TmEE Posted September 12, 2010 Posted September 12, 2010 I meant that I have not had drives bigger than 250GB, so I have no idea what does it do with larger drives... my windows install is trashed so I cannot check its help etc. to know... currently preparing a 120GB HDD to recive Windows 98SE
dencorso Posted September 13, 2010 Posted September 13, 2010 I think I may be able to get access to a Windows XP machine so based on denarco's experience (in another thread) - it will necessary or preferable to keep partitions no larger than 250GB each?If you want to be able to defrag from Win 9x, yes.If you can live with not being able to do it, you may create just 3 partitions of about 460GB.BTW, if you're going to partition it on XP, you'll then need FAT32FORMAT.EXE, in order to be able to format the partitions to FAT-32 under XP.

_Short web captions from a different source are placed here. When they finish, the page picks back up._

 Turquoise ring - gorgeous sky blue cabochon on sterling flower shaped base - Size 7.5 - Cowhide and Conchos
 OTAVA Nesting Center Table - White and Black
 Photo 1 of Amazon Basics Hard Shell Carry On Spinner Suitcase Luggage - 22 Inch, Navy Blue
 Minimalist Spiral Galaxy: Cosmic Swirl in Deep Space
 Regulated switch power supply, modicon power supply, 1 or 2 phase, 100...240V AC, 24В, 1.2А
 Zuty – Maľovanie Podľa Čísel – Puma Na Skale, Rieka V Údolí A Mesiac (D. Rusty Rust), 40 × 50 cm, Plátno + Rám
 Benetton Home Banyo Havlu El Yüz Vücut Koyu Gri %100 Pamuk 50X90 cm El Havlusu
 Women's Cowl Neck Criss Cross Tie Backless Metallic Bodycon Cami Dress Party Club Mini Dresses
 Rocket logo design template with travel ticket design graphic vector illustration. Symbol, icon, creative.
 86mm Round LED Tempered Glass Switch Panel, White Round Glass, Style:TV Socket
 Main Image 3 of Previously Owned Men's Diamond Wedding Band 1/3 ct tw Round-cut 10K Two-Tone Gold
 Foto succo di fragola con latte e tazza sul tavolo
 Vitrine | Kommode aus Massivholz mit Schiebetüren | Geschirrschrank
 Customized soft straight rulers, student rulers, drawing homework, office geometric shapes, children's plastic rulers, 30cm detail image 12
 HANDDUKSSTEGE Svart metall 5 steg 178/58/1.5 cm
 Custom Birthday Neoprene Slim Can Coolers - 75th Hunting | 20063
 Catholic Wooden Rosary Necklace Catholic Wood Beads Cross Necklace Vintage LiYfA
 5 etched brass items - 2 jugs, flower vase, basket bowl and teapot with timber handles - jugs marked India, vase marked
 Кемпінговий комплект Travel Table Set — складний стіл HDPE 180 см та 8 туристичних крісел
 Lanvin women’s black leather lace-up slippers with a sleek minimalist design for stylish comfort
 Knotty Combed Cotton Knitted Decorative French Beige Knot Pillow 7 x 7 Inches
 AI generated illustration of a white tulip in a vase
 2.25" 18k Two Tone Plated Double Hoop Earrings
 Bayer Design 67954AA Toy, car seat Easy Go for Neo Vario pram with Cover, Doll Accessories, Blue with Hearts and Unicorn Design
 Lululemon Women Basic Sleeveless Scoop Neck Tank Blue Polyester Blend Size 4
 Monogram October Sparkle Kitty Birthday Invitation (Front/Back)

Ponch Posted September 13, 2010 Posted September 13, 2010 the numbers 43977 & 94397 seem incorrect (1,024GB should be higher, no??)the system was not made for such capacity and obviously cannot display all digits in the columns.Due to the rounding (1024 vs 1k), 943.977 seems correct.
jaclaz Posted September 13, 2010 Posted September 13, 2010 BTW, if you're going to partition it on XP, you'll then need FAT32FORMAT.EXE, in order to be able to format the partitions to FAT-32 under XP.To be picky, "in order to be able to format partitions larger than 32 Gb to FAT-32 under XP".For the record, there is also Tokiwa FAT32 formatter (GUI):http://tokiwa.qee.jp/EN/Fat32Formatter/and SwissKnife:http://www.compuapps.com/index.php?option=com_content&view=article&id=112:swiss-knife-v322&catid=48:drive-managment&Itemid=193that works allright under Win9x/Me.jaclaz
piikea Posted September 14, 2010 Author Posted September 14, 2010 the numbers 43977 & 94397 seem incorrect (1,024GB should be higher, no??)the system was not made for such capacity and obviously cannot display all digits in the columns.Due to the rounding (1024 vs 1k), 943.977 seems correct.Yes, you're right about that. Makes sense now.Tried partitioning w/ FDISK but none of the partitions "took" - idk why not. I have access to a Windows 7 machine soon & maybe it will work there.